1. Par une décision n°371274 du 15 avril 2016, le Conseil d’Etat est venu clarifier les conditions d’indemnisation du préjudice du manque à gagner en cas de refus illégal d’un permis de construire.
2. Dans cette affaire, une société avait déposé une demande de permis de construire sur un terrain ayant fait l’objet d’un compromis de vente, afin d’y construire des logements collectifs. Ce compromis de vente prévoyait une condition suspensive subordonnant la réitération de la vente à l’obtention du permis.
Par un arrêté du 18 décembre 2007, le maire a refusé d’accorder le permis de construire, refus qui a cependant été annulé par le tribunal administratif en première instance par un jugement devenu définitif.
La société a alors recherché la responsabilité de la Commune aux fins d’obtenir réparation des frais d’architecte engagés, mais également du manque à gagner pour la non-réalisation de l’opération projetée, qu’elle a évalué à 180.000€ au titre du bénéfice qu’elle pouvait raisonnablement attendre de l’opération.

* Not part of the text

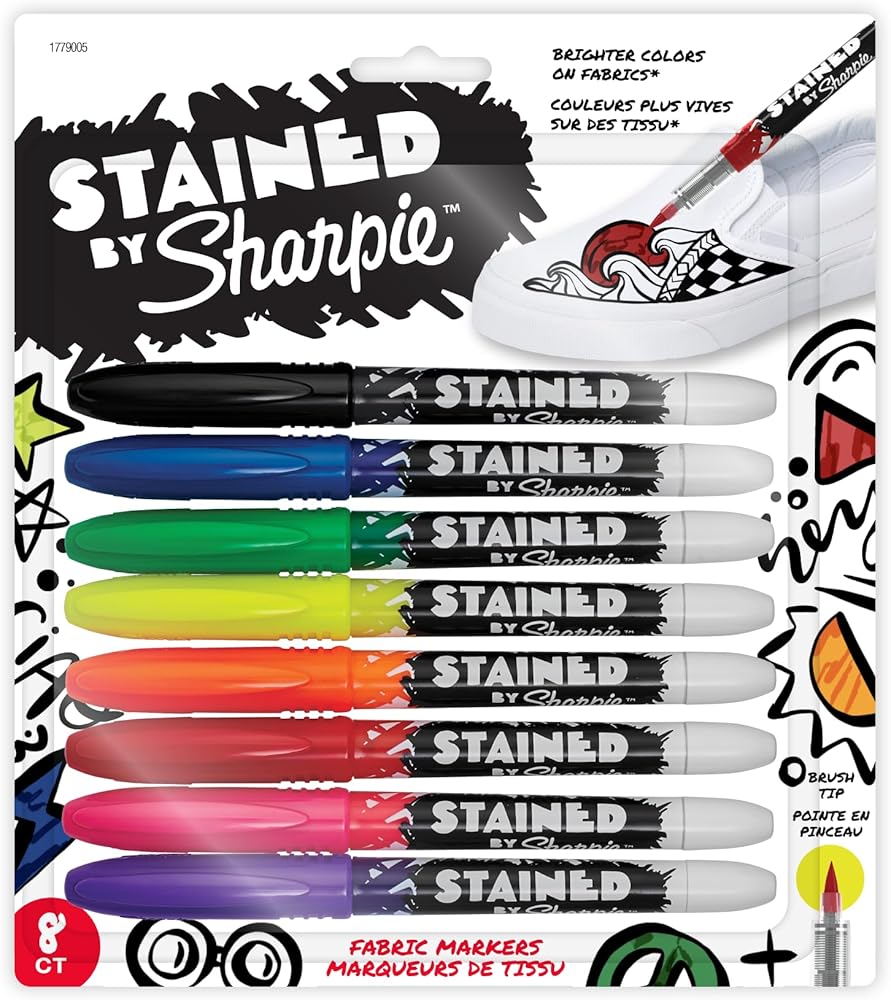 SHARPIE  FABRIC MARKER 8CT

Dans un jugement du 10 juin 2011, le tribunal a rejeté la requête au motif que les préjudices subis seraient imputables à une faute de la société n’ayant pas renoncé à la condition suspensive relative à l’obtention d’un permis de construire.

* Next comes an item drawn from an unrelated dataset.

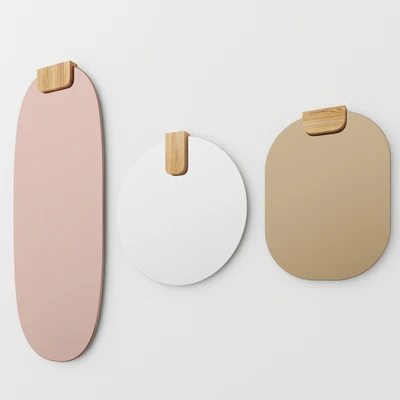 Clip Wall-Mounted by Sculptures Jeux Зеркало — Вид 3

La société a interjeté appel de la décision.
Par un arrêt du 14 juin 2013, la Cour administrative d’appel de Nantes a annulé le jugement, en considérant :
– qu’il existait un lien de causalité direct entre l’illégalité du refus, et les préjudices résultant de l’impossibilité de mettre en œuvre le projet immobilier,
– que les préjudices ne pouvaient être regardés comme imputables à une faute commise par la société du fait qu’elle n’avait pas renoncé à la condition suspensive d’obtention du permis de construire.
3. Saisi d’un pourvoi en cassation de la commune, le Conseil d’Etat a censuré l’arrêt de la Cour administrative d’appel, en tant qu’il avait statué sur le préjudice indemnisable au titre du manque à gagner.
Il a en effet considéré que le juge d’appel ne pouvait se borner, pour admettre le préjudice tiré du manque à gagner, à se fonder sur un rapport d’expertise qui avait évalué son montant sur la base d’une opération similaire réalisée dans les communes voisines, « sans rechercher si les circonstances particulières de l’espèce permettaient de faire regarder ce préjudice comme ayant un caractère direct et certain ».
Le Conseil d’Etat a précisé à cette occasion les conditions permettant à opérateur immobilier d’être indemnisé du manque à gagner du fait d’un refus illégal de permis de construire, en considérant :
« que l’ouverture du droit à indemnisation est subordonnée au caractère direct et certain des préjudices invoqués ; que la perte de bénéfices ou le manque à gagner découlant de l’impossibilité de réaliser une opération immobilière en raison d’un refus illégal de permis de construire revêt un caractère éventuel et ne peut, dès lors, en principe, ouvrir droit à réparation ; qu’il en va toutefois autrement si le requérant justifie de circonstances particulières ».
Ainsi, si par principe une telle situation ne saurait ouvrir droit à indemnisation, le Conseil d’Etat admet l’existence de « circonstances particulières » tenant à ce que le requérant invoque des éléments concrets pour démontrer le manque à gagner, tels que des engagements souscrits par les futurs acquéreurs, ou l’état avancé des négociations commerciales avec ces derniers.
L’arrêt de la cour administrative d’appel de Nantes du 14 juin 2013 est donc annulé en tant qu’il statue sur le préjudice indemnisable au titre du manque à gagner, et l’affaire est renvoyée devant cette même cour pour un nouveau jugement.
4. Par cette décision, le Conseil d’Etat a fixé les conditions de principe de l’indemnisation du manque à gagner.